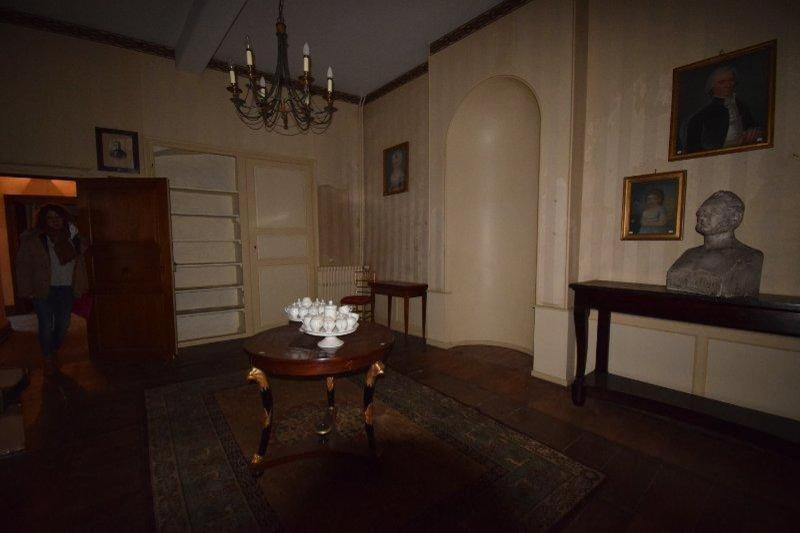 Maison - 372 m² - 14 pièces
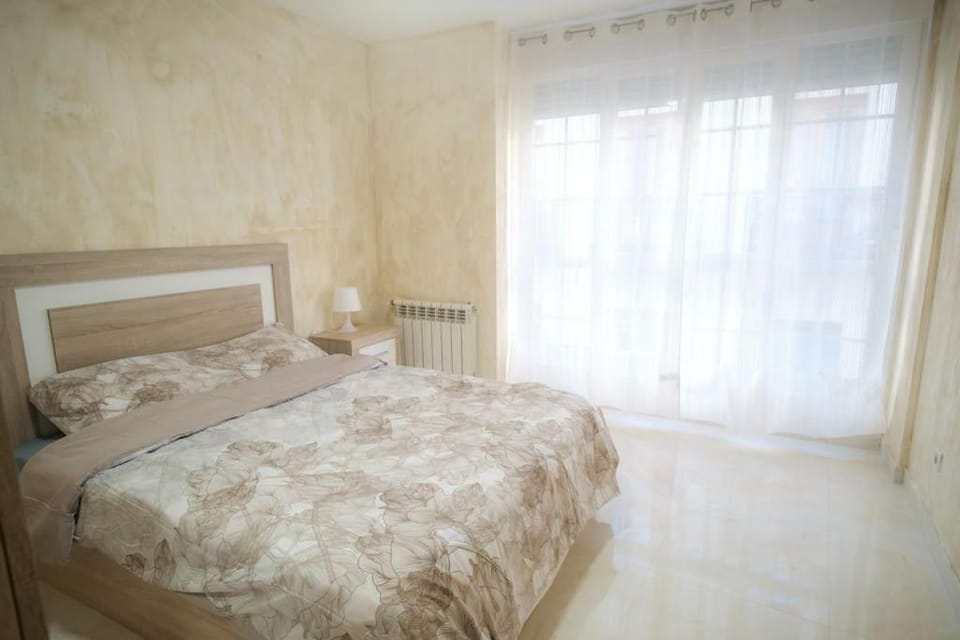 Bed, Photo of the whole room, Bedroom, internet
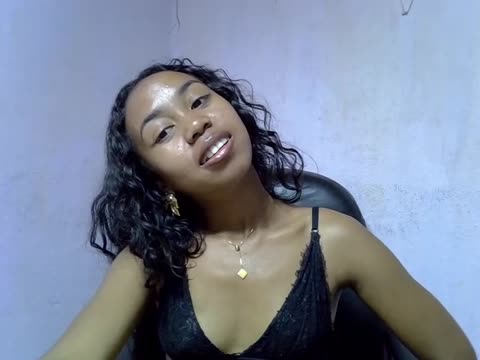 Preview photo of webcam model oceane1 on BongaCams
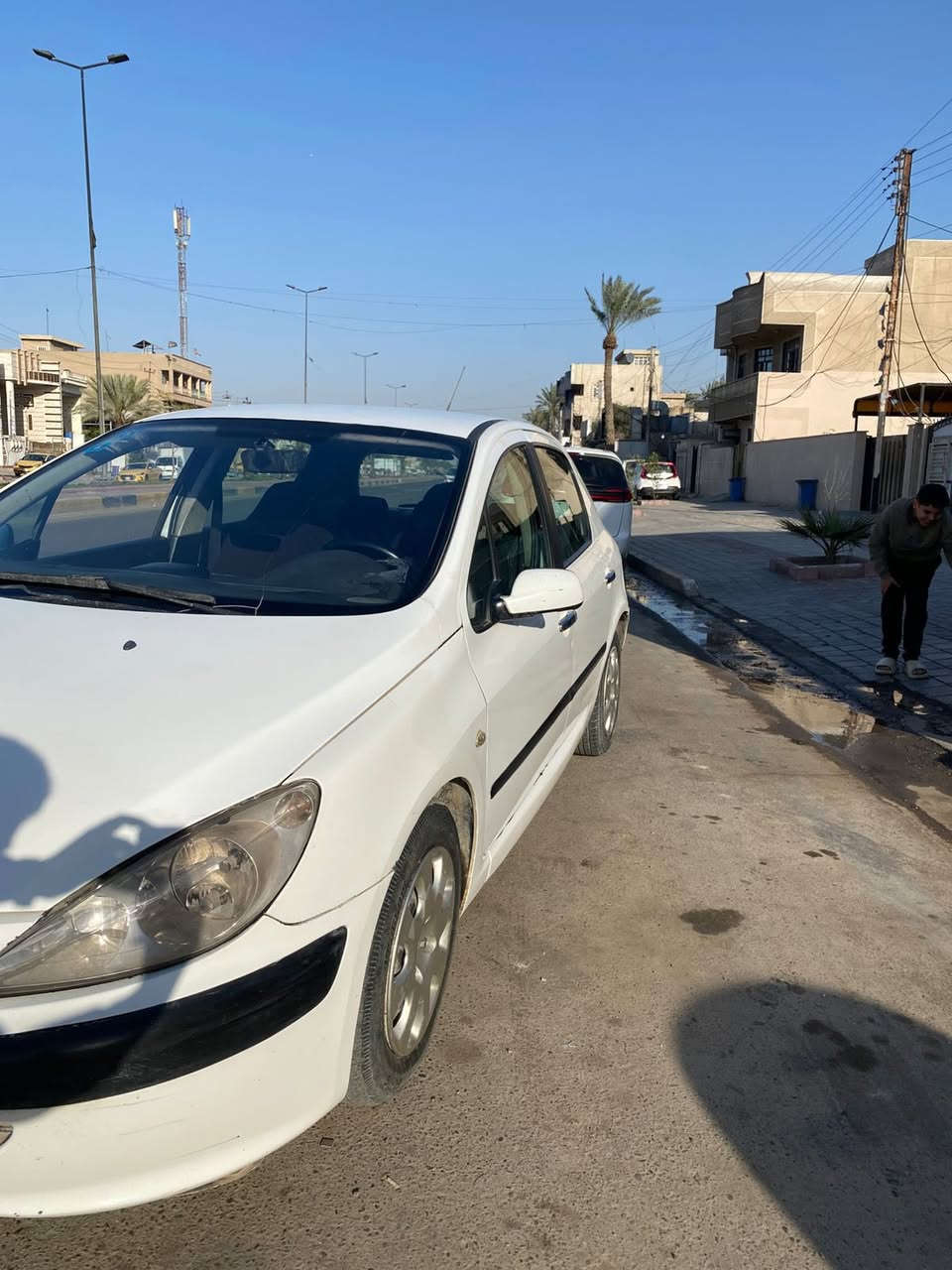 السلام عليكم . بيجو فرنسي للبيع 
موديل 2005 
صبغ قطعتين فقط 
رقم بغداد. جديد.  هزه جديد.  رقم انكليزي. 
مكانها بغداد. السعر 50 مجال بسيط .  ***********
المكان حي سومر البنوك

++++++++++++++++++++

Check every line in the entries for the word "بغداد". State how many have it, with no other text.

▶ [Written response] 2